By C. G. Masi, Contributing Editor

To avoid spoilage, modern commercial fishing vessels carry on-board facilities for processing their catch. Human labor is at a premium, so commercial fishing concerns install automation whenever possible. One task that has resisted automation, however, is ensuring that only high-quality fish go into the filleting machines and that they go into the machines head first; otherwise, they would be ruined in the machine. “Someone has to look at every fish as they come below deck to the filleting machine,” says Steven Hoffman, director of research at Pisces VMK. “They have to check for correct orientation and correct species and pull out any damaged fish.”

Pisces VMK manufactures and installs processing equipment for commercial fishing fleets, so it is knowledgeable about both the advantages automation provides to commercial fishing fleets and the challenges it presents in designing the equipment. One of the biggest challenges is ensuring that the equipment is not only fool-proof, but easy to operate and maintain at sea, where there are no technical experts available to sort out problems with the equipment.
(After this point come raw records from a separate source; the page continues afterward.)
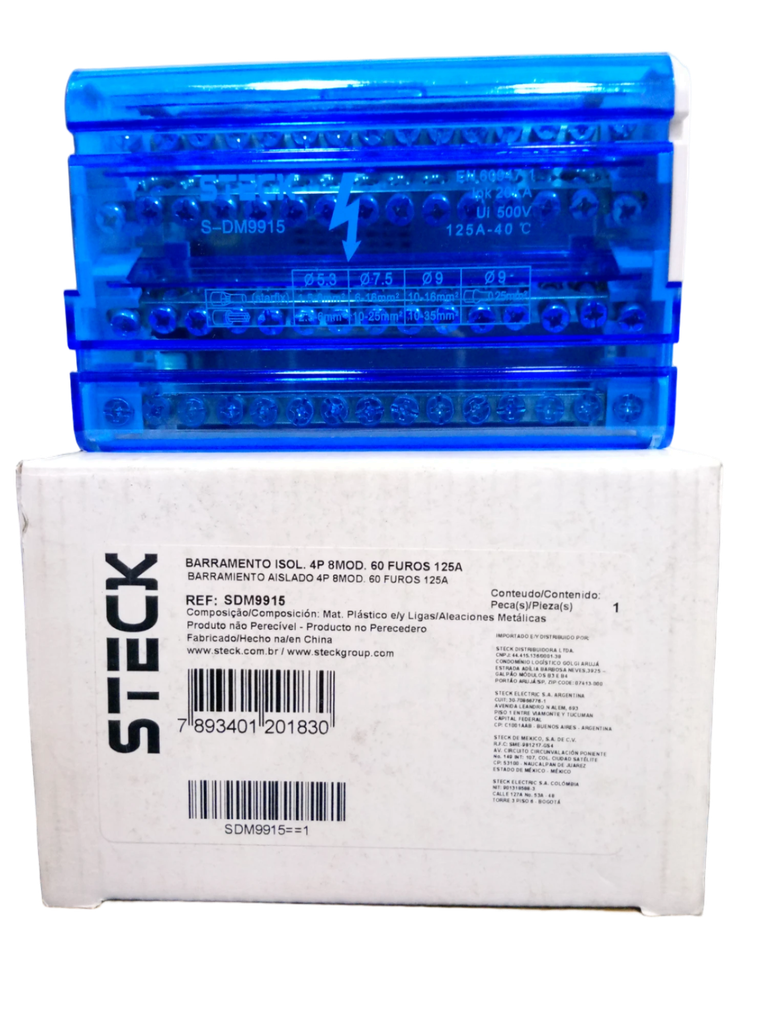 BLOQUE DE DISTRIBUCION 4P 8 MODULOS 125 A 18 KACC 15 CONEXIONES 
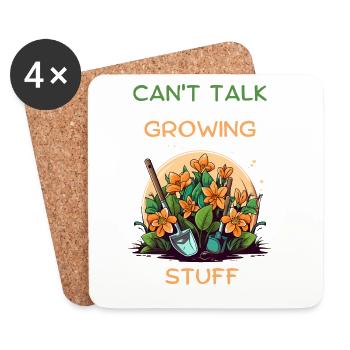 Cant Talk Growing Stuff Garden Floral Tee - Coasters (set of 4) - white - Front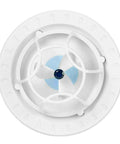 Super Portable Mini Ultrasonic Dishwasher With Usb Power For Zero Hassle Countertop Washing And Quick Produce Scrubbing That Tucks Right Into Tiny Kitchens And Makes Your Daily Cleanup Dead Simple - top view of white ultrasonic cleaning device with a blue center.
Fish are not parts manufactured on an assembly line but are natural objects that come in all sorts of sizes and shapes, and they enter the processing line in all possible orientations. Even when fishermen are targeting a particular species, the variations between acceptable and unacceptable fish is more than conventional vision systems can accurately process.

Automating the process

Pisces asked General Vision (GV) to develop a system to help automate the inspection process (see Fig. 1). GV develops image-recognition systems based on artificial intelligence (AI) and zero instruction set computing (ZISC). A ZISC processor is a neural network made up of a large number of simple processors. Each processor, called a neuron, compares a number of input values to a stored pattern, then passes the result on to other neurons. Those neurons process it along with other inputs; working together, the neurons collectively produce a decision.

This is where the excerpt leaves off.